Aïcha Filali semble échapper à cette catégorie : elle travaille par thème sur des sujets apparemment ordinaires. Ses expos portent des titres et s'attaquent à un phénomène de société : ''Valises'', ''Chbabik ou atib'', ''Kollohom Blaik'', ''Zapping'' (critiques des médias), etc.

Elle revient avec l'actuelle exposition, plus divertissante, inventive que jamais, dans ses bagages des œuvres truculentes, dignes d'un cabinet de curiosités.

Sbabet de Aicha Filali

Impressionnant... Cette exposition, avec ses airs ludiques et anecdotiques, réunit toutes les pièces, détails compris, d'un dossier qui a fait couler beaucoup d'encre : la transition démocratique.

Le travail, les efforts, sont visibles sur ces œuvres, Aïcha s'y est investie corps, âme et esprit. Et qu'y voit-on? Des miniatures anciennes, persanes, indiennes ou arabes, des scènes de genre, des personnages, pleins d'objets usuels, collés les uns aux côtés des autres. Il y a là une rupture avec la grammaire de la peinture, absence de plans, de perspectives, de gradations, de force de couleurs, de tons, etc.

Art critique, politique, militant? Comme l'époque veut qu'on classifie les artistes dans un genre, dans une école... à la lumière de ces travaux anciens et des 33 planches exposées actuellement à la galerie Ammar Farhat à Sidi Bou Saïd, on peut rapprocher ou même qualifier le travail de Aïcha Filali de figuration narrative.

Katous de Aicha Filali

Une photographie de notre société

La braise de la révolution éteinte, la Troïka (ex-coalition gouvernementale dominée par le parti islamiste Ennahdha) est au pouvoir, un goût de cendre vole dans l'air. Malaise dans la société civile, les islamo-salafistes passent aux violences physiques, incendies de mausolées, attaques de cinéma, d'espace d'art, etc.

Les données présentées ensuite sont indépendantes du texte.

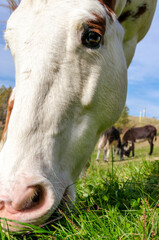 horse on a meadow in Praglia plateau in Liguria in Italy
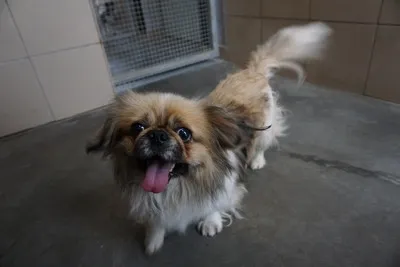 Pies do adopcji, Kraków, 6 września 2025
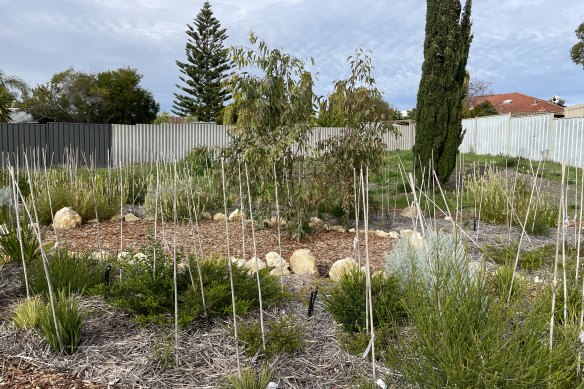 A Miyawaki forest planted at Poiseidon Primary School in Heathridge. 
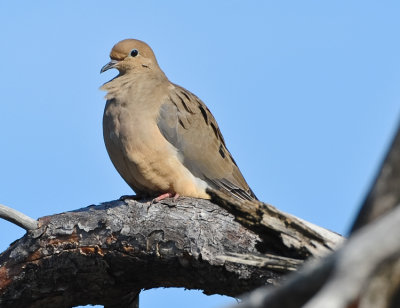 MOURNING DOVE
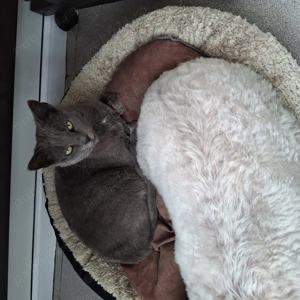 Pisica albastru de rusia - imagine 2 Pisica albastru de rusia - imagine 2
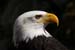 Weikopfseeadler Kopf 21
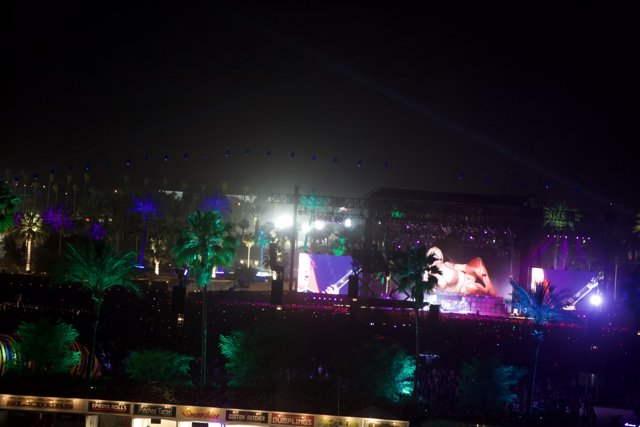 Palm Trees and Spotlights at Night Concert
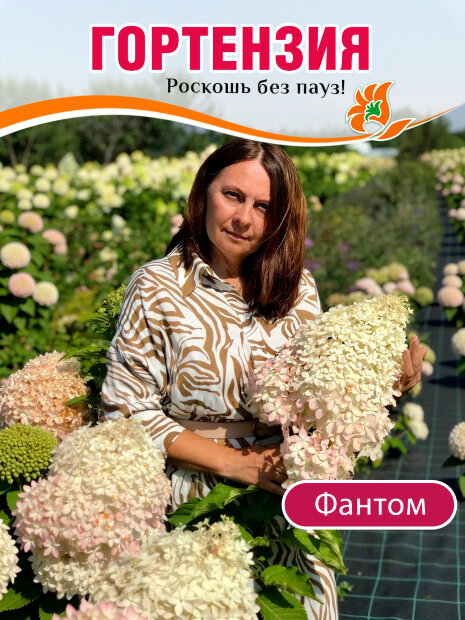 Гортензия Фантом (метельчатая)  саженцы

Beaucoup d'artistes se sont retirés de la scène (que faire en temps de changement social radical?), d'autres se sont curieusement convertis en acteurs militants, dogmatiques ou opportunistes, montrant des travaux «tracts et slogans».

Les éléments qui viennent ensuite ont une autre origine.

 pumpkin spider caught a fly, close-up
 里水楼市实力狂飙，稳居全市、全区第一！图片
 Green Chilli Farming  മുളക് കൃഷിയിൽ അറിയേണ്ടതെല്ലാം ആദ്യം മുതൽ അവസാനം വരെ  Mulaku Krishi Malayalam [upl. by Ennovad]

D'autres ont résisté, rompant avec l'héritage artistique, créant des formes de lutte contemporaines et combatives.
Les journalistes dénoncent, les penseurs réfléchissent, les chroniqueurs chroniquent.

Pendant ce temps, Aïcha Filali, artiste contemporaine à l'humour décapant, se nourrit de la multitude des gestes, des actes, des turpitudes et de la crapulerie de la classe politique. En fourmi besogneuse, elle prépare ses ana-chroniques, compilant les documents, découpant dans les journaux, triant dans les photos et les magazines, sélectionnant les textes et les slogans. Elle pense, guette les faits anodins, les objets, les moindres détails, les incidents, les péripéties et les grands destins de l'histoire de cette transition.

Ana-chronique de Aicha Filali

En feux d'artifices

Au final, elle propose 33 planches comme un feu d'artifice, colorées, minutieusement élaborées, étoilées de proverbes, d'adages et d'anecdotes populaires. Cela s'appelle «Thawra», «Hammam», «Elections», «Mont Châambi», «Tourisme», «Doustour», «Université de la Manouba», etc. Où l'on voit que l'artiste est non seulement au fait de tout ce qui se déroule dans le pays, mais elle fouille dans les poubelles de l'actualité, décortique, creuse, biaise et dénonce. Personnages, lieux, bâtiments et objets, tout ce qui pouvait faire sens est intégré.

Un travail de patience, long et réfléchi, composé de photomontages, de scènes hétérogènes, éclatées, de miniatures et autres images cocasses. Une exposition sur nos mœurs et nos travers? Pas que ça, excitante, elle nous arrache des rires ou des sourires et nous insuffle des doses de joie. Allez découvrir.